Task instructions.
Take the lines from the beginning of the data below through the line holding "Tesla Model 3 — фото 2" and return exactly those.

Extracted entries.

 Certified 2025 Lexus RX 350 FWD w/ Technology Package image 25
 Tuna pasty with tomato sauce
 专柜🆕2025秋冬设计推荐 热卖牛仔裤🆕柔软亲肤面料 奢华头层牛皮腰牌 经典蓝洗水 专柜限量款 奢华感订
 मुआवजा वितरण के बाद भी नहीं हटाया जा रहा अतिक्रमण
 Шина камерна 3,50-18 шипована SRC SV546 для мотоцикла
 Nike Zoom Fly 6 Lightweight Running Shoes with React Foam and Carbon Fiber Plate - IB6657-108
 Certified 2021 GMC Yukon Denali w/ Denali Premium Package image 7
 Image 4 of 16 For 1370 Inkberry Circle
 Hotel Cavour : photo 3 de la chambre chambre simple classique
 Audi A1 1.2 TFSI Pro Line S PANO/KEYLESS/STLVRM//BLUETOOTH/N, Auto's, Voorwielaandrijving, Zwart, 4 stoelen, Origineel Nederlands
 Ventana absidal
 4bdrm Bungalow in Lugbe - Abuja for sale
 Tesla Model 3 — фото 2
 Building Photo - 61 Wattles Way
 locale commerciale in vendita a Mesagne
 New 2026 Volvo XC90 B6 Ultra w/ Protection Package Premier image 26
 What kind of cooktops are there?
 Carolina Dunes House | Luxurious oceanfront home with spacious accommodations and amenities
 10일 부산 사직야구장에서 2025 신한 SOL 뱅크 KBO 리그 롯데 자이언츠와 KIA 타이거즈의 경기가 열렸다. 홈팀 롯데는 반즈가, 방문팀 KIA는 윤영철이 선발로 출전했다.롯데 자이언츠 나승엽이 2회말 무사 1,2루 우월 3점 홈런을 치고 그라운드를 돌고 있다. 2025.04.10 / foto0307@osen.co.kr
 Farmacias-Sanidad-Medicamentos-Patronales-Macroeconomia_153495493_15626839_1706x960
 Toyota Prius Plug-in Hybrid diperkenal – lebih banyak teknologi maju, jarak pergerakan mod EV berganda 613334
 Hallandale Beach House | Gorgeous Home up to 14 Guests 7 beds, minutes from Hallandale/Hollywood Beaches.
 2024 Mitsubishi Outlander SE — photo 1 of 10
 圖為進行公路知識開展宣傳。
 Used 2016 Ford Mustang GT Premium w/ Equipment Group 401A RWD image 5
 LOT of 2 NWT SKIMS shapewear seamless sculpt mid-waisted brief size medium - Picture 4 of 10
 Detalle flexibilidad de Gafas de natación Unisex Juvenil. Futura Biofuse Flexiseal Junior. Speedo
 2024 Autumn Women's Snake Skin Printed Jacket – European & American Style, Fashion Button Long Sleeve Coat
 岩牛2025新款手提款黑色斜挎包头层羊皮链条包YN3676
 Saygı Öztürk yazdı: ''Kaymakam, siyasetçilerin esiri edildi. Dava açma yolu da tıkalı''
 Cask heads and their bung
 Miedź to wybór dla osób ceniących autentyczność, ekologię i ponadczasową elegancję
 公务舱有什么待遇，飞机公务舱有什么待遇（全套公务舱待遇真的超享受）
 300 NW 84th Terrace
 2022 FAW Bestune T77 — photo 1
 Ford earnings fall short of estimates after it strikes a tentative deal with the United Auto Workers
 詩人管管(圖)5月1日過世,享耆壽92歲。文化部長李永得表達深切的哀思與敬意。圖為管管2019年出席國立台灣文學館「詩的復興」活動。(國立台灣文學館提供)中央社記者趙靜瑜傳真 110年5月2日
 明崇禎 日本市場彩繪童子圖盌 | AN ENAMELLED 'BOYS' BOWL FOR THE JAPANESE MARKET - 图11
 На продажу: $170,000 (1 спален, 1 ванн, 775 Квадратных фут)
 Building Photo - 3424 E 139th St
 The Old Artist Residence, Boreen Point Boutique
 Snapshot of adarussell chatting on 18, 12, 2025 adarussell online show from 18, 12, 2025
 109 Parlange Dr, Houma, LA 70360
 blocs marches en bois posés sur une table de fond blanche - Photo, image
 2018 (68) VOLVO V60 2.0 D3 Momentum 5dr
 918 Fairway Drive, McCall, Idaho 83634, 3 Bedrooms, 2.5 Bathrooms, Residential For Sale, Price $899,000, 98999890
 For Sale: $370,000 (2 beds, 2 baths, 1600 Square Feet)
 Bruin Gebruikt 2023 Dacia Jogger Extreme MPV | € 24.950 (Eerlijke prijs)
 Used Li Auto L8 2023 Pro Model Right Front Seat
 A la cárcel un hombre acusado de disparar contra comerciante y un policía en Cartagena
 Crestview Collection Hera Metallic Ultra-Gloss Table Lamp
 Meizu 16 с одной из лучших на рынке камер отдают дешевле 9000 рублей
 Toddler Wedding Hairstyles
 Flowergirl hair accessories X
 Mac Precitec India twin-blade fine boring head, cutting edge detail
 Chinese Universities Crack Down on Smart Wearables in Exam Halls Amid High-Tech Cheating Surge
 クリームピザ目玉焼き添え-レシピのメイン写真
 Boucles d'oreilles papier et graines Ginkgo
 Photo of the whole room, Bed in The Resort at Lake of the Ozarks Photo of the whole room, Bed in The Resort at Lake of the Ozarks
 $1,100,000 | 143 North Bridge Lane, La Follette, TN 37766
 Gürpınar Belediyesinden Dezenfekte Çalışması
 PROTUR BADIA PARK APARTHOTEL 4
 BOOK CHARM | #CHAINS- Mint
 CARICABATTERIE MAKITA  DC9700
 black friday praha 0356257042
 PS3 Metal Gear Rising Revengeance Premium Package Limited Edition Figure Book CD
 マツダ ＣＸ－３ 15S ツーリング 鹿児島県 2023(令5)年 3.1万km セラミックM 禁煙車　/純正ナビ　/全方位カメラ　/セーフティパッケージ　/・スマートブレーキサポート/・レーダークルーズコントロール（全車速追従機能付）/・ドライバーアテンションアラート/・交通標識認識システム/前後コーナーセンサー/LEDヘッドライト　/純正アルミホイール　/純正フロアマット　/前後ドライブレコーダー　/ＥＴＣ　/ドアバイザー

Output of the exercise.
 Certified 2025 Lexus RX 350 FWD w/ Technology Package image 25
 Tuna pasty with tomato sauce
 专柜🆕2025秋冬设计推荐 热卖牛仔裤🆕柔软亲肤面料 奢华头层牛皮腰牌 经典蓝洗水 专柜限量款 奢华感订
 मुआवजा वितरण के बाद भी नहीं हटाया जा रहा अतिक्रमण
 Шина камерна 3,50-18 шипована SRC SV546 для мотоцикла
 Nike Zoom Fly 6 Lightweight Running Shoes with React Foam and Carbon Fiber Plate - IB6657-108
 Certified 2021 GMC Yukon Denali w/ Denali Premium Package image 7
 Image 4 of 16 For 1370 Inkberry Circle
 Hotel Cavour : photo 3 de la chambre chambre simple classique
 Audi A1 1.2 TFSI Pro Line S PANO/KEYLESS/STLVRM//BLUETOOTH/N, Auto's, Voorwielaandrijving, Zwart, 4 stoelen, Origineel Nederlands
 Ventana absidal
 4bdrm Bungalow in Lugbe - Abuja for sale
 Tesla Model 3 — фото 2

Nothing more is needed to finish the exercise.